With national business and environmental groups looking on, opponents worry about the precedent set by shutting down a working waterway over unwelcome fish. Legal battles already have been fought over efforts to close Chicago-area shipping locks to keep carp out of the Great Lakes.
In an effort to blunt industry opposition, the pending federal legislation would trigger the Minneapolis lock closure on the basis of its limited use, not the threat of carp.
“They’re looking at it more as an economic issue,” said Marc Smith of the National Wildlife Federation, part of a coalition trying to stop the spread of carp. “There’s no precedent for closing a lock for an invasive species.”
‘Chain on the dog’
That does little to diminish the concerns of Al Christopherson, a southern Minnesota farmer who leads the Upper Mississippi Waterway Association, which represents barge companies and other industrial users.
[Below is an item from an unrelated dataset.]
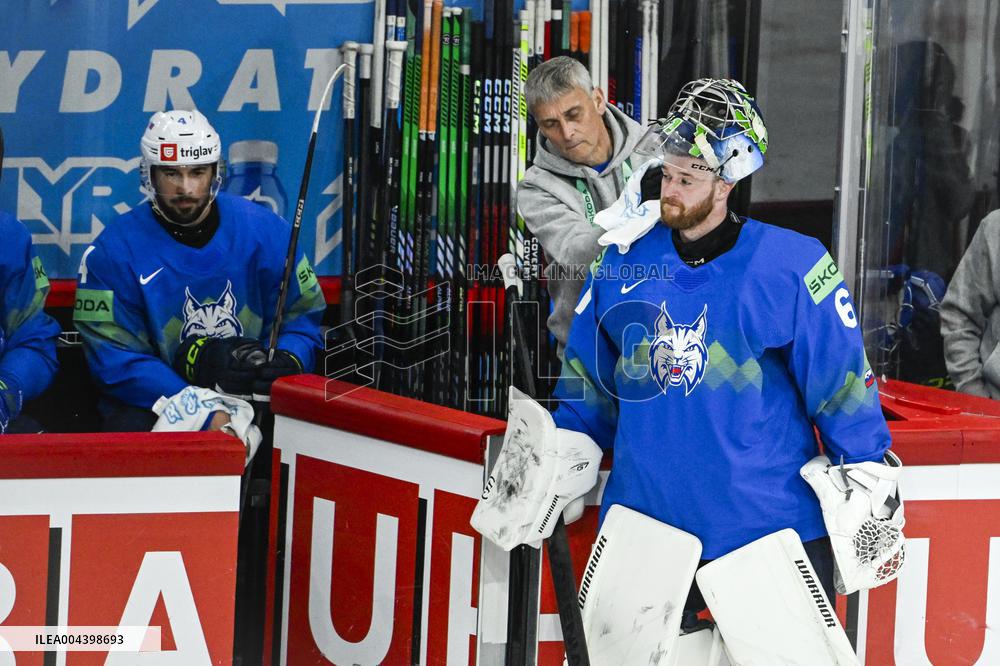 ICE HOCKEY WC SLOVENIA-CANADA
“You know the old saying: Once you get the chain on the dog, then after that the only difference is the length of the chain,” he said.
Christopherson says closing the lock would cut wages and economic output by more than $40 million. A Metropolitan Council report last year said closing the lock would wipe out 72 jobs.
The Minnesota Department of Natural Resources supports the closing, but some federal officials say the danger to northern Minnesota is being exaggerated.
Judy DesHarnais, of the St. Paul district of the U.S. Army Corps of Engineers, which oversees the locks system, notes that, in addition to other dams upstream of the Twin Cities, the Boundary Waters Canoe Area Wilderness and other popular northern Minnesota waters are not connected to the Upper Mississippi River watershed.
Either way, with Thursday’s unanimous vote in the House Transportation and Infrastructure Committee, the days of the St. Anthony Falls lock appear numbered. However, both sides agree even that measure will not end the threat from carp, zebra mussels and other invasive species.
“My God,” Nolan said after the vote, “there are at least 100 other invasive species that are all moving our way.”